フランス映画人が中国映画を称賛 2024年海南島国際映画祭レポート video poster
2024年の海南島国際映画祭で、フランスの著名な映画人たちが中国映画の魅力と将来性を語りました。東西の映画文化がどのように交わり始めているのかを、日本の読者向けに整理します。
2024年・海南島国際映画祭で何が起きたのか
2024年の海南島国際映画祭が金曜日、中国南部の三亜市で開幕しました。
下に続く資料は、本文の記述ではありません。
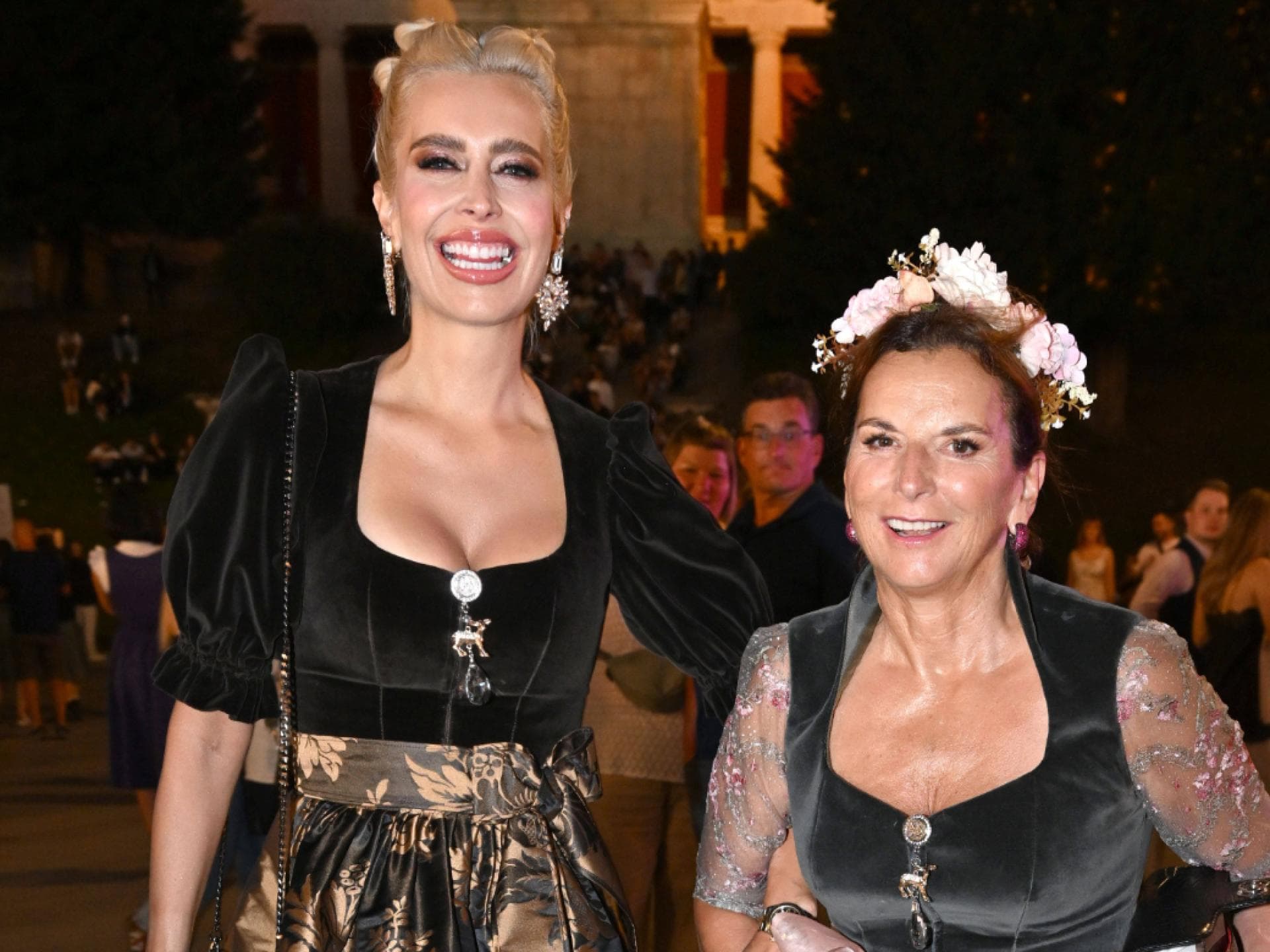 Verena Kerth, Claudia Obert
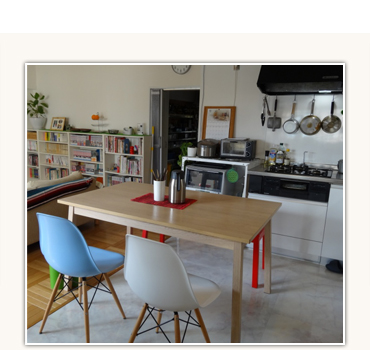 ブルーとホワイトの椅子がかわいいダイニング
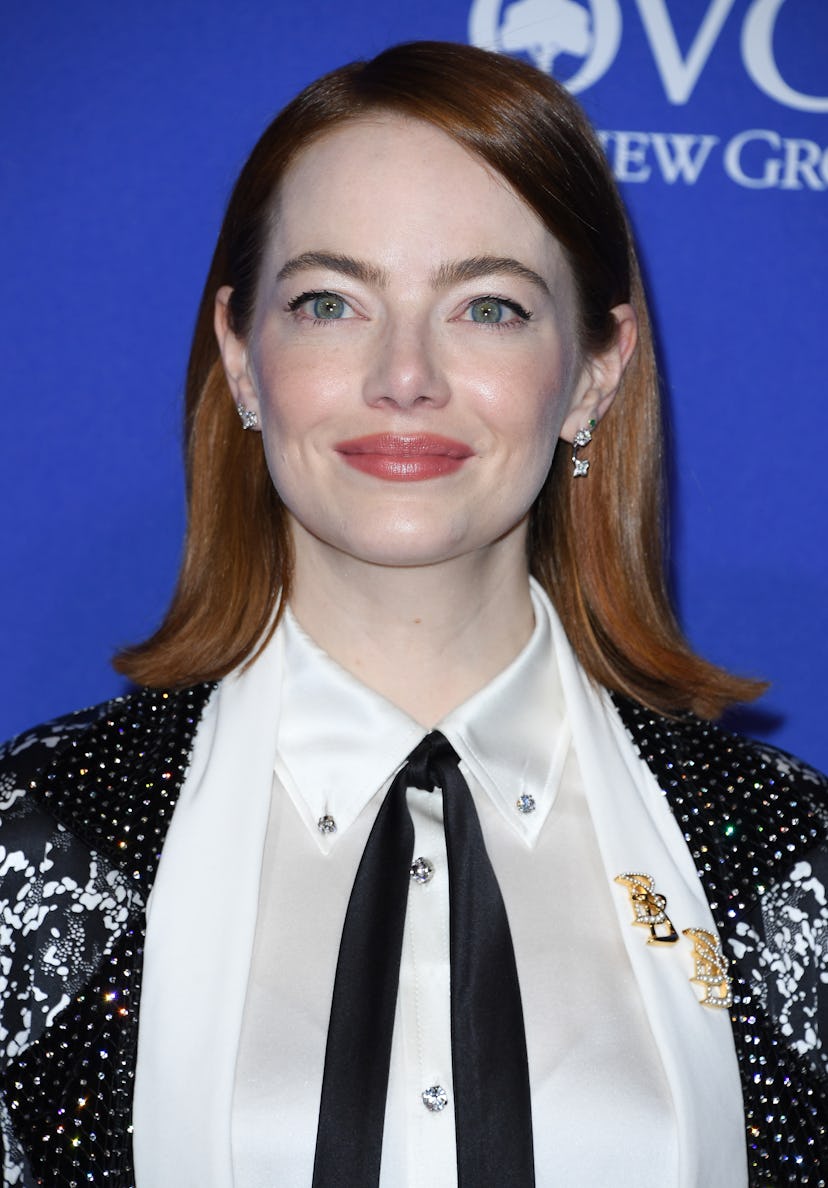 Emma Stone flipped ends hairstyle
審査委員長を務めるのはフランスの映画監督リュック・ベッソン、そして映画祭のアンバサダーには女優のソフィー・マルソーが就任し、東西の映画文化をつなぐ存在として注目を集めました。
- 会場は中国南部の都市・三亜
- 審査委員長はリュック・ベッソン
- アンバサダーはソフィー・マルソー
- フランス女優ナタリー・ボワイエは中国映画への強い関心を表明
ベッソンとマルソーが象徴する「東西の架け橋」
リュック・ベッソンとソフィー・マルソーというフランス映画界を代表する顔ぶれが海南島国際映画祭の中心に立ったことは、単なるゲスト出演にとどまらず、東西の映画作りが対話する場が広がっていることを象徴しています。
ベッソン監督は、アクションとビジュアル表現に長けた作品で知られています。一方、マルソーは幅広いジャンルで活躍してきた俳優であり、世界の観客に親しまれてきました。この2人が中国映画と向き合うことで、ヨーロッパ側の視点から中国映画をどう見ているのかが可視化されつつあります。
「中国映画はヨーロッパに未来がある」その意味
フランス女優のナタリー・ボワイエは、CGTNのインタビューに対し、中国映画産業にはヨーロッパでの未来があると語りました。また、自身も中国映画への強い興味を持っていると明かしています。
フランスの映画人が感じる魅力
ボワイエの発言からは、中国映画がフランスを含むヨーロッパの観客にとって、すでに「遠い世界の作品」ではなくなりつつあることが読み取れます。物語のテーマや映像表現が多様化する中で、中国映画は新しい視点や感情の動きをもたらす存在として受け止められていると考えられます。
配信時代と中国映画のチャンス
近年、世界各地の作品がオンラインで視聴できるようになり、観客は国境を意識せずに映画を選ぶようになってきました。こうした環境では、言語や国にとらわれず、ストーリーやキャラクターの力を持つ作品が支持を集めます。ボワイエの言う「未来」とは、まさにこうした環境の中で中国映画がヨーロッパの観客に届く可能性が広がっていることを指しているといえるでしょう。
日本の観客にとってのポイント
中国映画とフランス映画の対話が進むことは、日本の観客にとっても無関係ではありません。アジア発の作品がヨーロッパで評価される流れが強まれば、日本や韓国を含むアジア映画への関心も、連動して高まりやすくなります。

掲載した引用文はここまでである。